### TASK TO CARRY OUT
Quote these lines exactly: the one that holds "Volangjacka - Jättefin" and every line after it to the end of the material below. Skip pictures.

————————

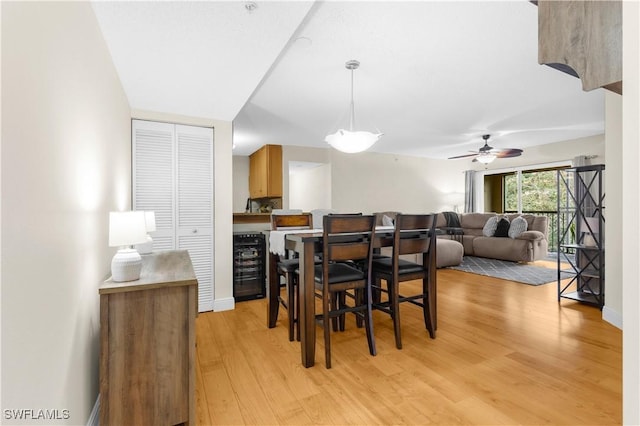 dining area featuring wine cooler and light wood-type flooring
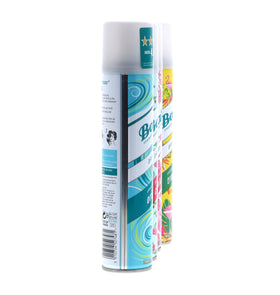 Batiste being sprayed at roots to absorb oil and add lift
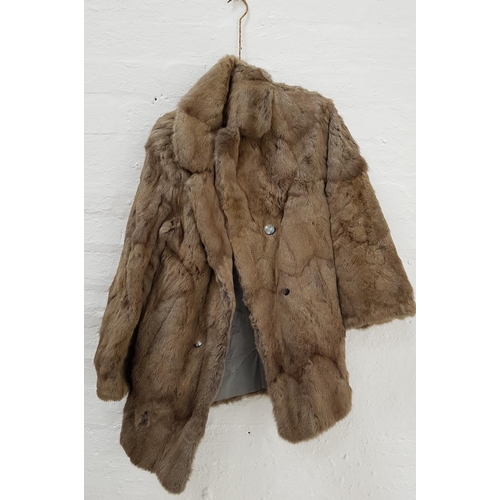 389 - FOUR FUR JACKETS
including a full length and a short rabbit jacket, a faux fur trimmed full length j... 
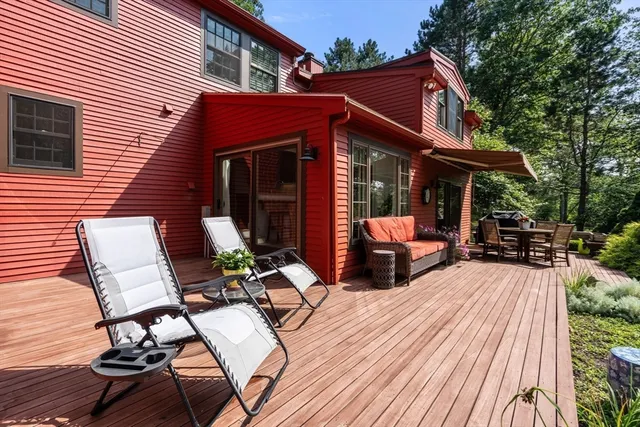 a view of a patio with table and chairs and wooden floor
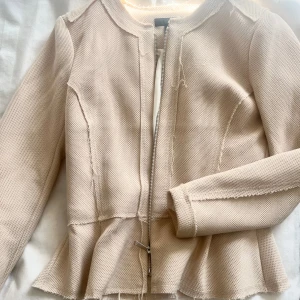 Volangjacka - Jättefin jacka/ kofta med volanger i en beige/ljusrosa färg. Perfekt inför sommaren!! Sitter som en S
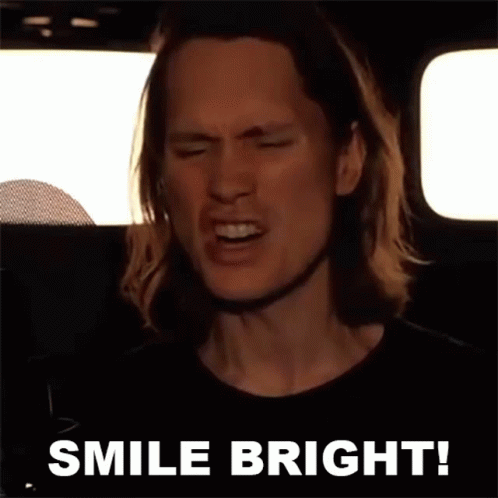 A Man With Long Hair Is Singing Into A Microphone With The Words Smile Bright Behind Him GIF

————————

### RESPONSE
 Volangjacka - Jättefin jacka/ kofta med volanger i en beige/ljusrosa färg. Perfekt inför sommaren!! Sitter som en S
 A Man With Long Hair Is Singing Into A Microphone With The Words Smile Bright Behind Him GIF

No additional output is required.